**WHAT NEEDS TO BE DONE:** Every line below between the one holding "Electric folding bike" and the one holding "Étiquette À Bagage", inclusive, should be copied exactly, and no other line.

(Short web captions)
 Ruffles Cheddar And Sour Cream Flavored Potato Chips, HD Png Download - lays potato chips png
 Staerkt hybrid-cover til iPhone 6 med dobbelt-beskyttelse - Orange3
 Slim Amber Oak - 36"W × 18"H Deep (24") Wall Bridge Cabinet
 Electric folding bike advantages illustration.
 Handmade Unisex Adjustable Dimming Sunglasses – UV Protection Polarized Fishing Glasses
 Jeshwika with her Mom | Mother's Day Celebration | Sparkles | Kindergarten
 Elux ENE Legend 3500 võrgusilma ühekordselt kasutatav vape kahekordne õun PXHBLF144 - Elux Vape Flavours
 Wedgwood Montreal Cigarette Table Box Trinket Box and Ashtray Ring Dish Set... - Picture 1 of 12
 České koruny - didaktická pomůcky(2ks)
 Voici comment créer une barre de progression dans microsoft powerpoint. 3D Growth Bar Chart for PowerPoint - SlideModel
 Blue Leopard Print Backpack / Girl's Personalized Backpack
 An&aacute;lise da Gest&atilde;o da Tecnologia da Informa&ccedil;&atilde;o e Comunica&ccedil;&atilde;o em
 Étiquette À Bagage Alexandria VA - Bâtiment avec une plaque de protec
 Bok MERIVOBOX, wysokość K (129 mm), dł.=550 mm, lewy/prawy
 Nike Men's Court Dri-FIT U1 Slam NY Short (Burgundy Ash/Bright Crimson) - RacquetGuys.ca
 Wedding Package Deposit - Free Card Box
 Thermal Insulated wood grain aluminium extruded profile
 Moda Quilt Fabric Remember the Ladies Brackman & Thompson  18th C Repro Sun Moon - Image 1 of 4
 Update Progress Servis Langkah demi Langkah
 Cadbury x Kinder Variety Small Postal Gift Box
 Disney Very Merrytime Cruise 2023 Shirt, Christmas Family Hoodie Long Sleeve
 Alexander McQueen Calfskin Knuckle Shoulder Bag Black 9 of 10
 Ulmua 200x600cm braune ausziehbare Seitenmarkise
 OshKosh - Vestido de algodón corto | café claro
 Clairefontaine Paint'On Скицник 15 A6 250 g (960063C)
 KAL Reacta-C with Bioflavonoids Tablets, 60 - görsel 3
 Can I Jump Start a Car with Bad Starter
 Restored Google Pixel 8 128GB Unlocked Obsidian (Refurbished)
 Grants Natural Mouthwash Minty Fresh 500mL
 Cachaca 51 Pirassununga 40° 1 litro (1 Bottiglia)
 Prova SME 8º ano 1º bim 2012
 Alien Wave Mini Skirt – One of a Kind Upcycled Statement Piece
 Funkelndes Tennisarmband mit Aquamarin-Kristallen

**YOUR RESPONSE:**
 Electric folding bike advantages illustration.
 Handmade Unisex Adjustable Dimming Sunglasses – UV Protection Polarized Fishing Glasses
 Jeshwika with her Mom | Mother's Day Celebration | Sparkles | Kindergarten
 Elux ENE Legend 3500 võrgusilma ühekordselt kasutatav vape kahekordne õun PXHBLF144 - Elux Vape Flavours
 Wedgwood Montreal Cigarette Table Box Trinket Box and Ashtray Ring Dish Set... - Picture 1 of 12
 České koruny - didaktická pomůcky(2ks)
 Voici comment créer une barre de progression dans microsoft powerpoint. 3D Growth Bar Chart for PowerPoint - SlideModel
 Blue Leopard Print Backpack / Girl's Personalized Backpack
 An&aacute;lise da Gest&atilde;o da Tecnologia da Informa&ccedil;&atilde;o e Comunica&ccedil;&atilde;o em
 Étiquette À Bagage Alexandria VA - Bâtiment avec une plaque de protec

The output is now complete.